◆ **DATA UNDER STUDY**:

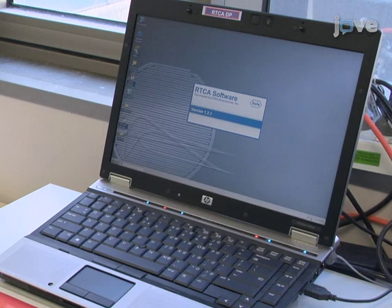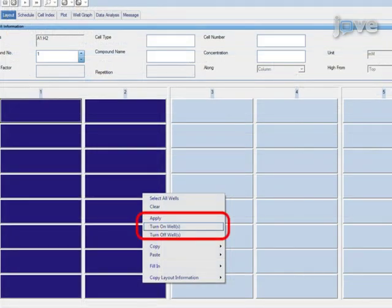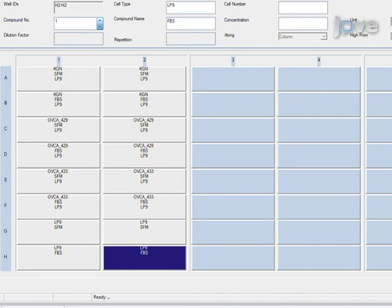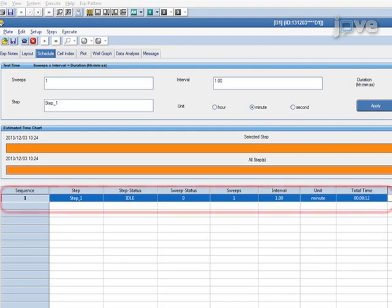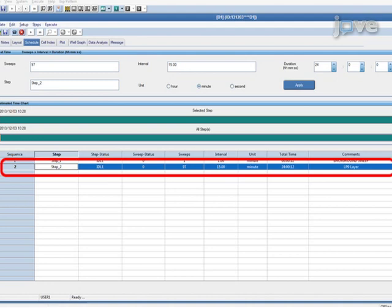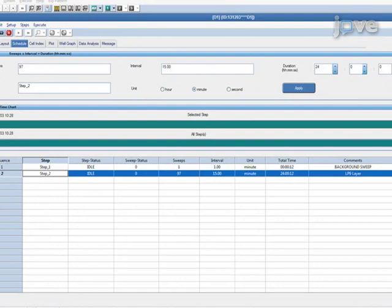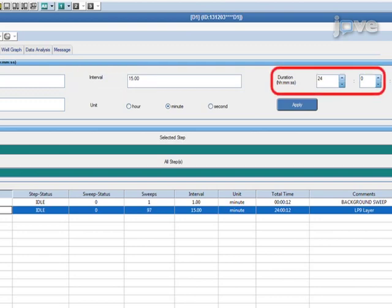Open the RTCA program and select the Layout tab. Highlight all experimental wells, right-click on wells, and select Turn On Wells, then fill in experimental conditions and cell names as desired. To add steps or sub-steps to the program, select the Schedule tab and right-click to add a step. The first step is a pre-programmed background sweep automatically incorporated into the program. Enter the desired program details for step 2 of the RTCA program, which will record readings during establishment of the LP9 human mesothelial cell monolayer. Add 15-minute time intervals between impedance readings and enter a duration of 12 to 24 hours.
==
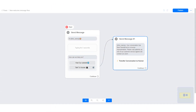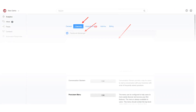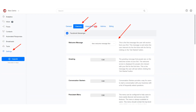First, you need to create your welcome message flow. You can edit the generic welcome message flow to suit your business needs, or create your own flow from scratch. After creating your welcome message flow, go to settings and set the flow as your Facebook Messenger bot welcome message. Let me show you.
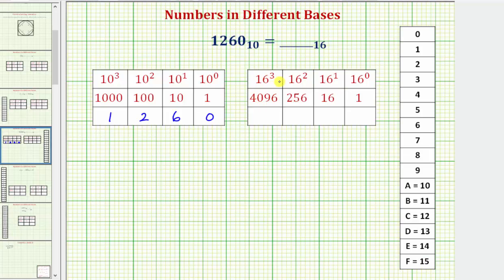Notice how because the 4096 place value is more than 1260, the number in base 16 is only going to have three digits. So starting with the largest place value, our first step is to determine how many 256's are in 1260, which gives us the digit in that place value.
--
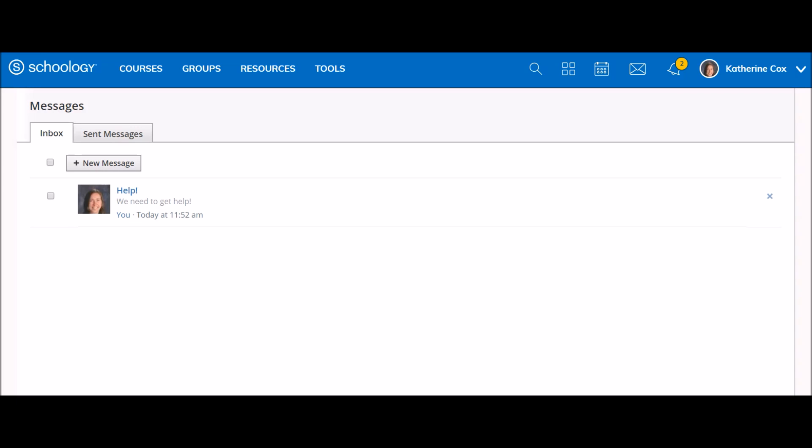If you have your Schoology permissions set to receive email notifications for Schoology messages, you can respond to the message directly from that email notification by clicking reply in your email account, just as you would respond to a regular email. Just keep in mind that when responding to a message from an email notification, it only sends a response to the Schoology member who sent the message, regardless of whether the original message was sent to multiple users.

◆ **DIRECTIONS FOR THIS TASK**: Only the lines starting at the one with "First, you need" and ending at the one with "Notice how because" should be printed, each exactly as it appears in the material above; the pictures are to be omitted.

◆ **TASK OUTPUT**:
First, you need to create your welcome message flow. You can edit the generic welcome message flow to suit your business needs, or create your own flow from scratch. After creating your welcome message flow, go to settings and set the flow as your Facebook Messenger bot welcome message. Let me show you.
Notice how because the 4096 place value is more than 1260, the number in base 16 is only going to have three digits. So starting with the largest place value, our first step is to determine how many 256's are in 1260, which gives us the digit in that place value.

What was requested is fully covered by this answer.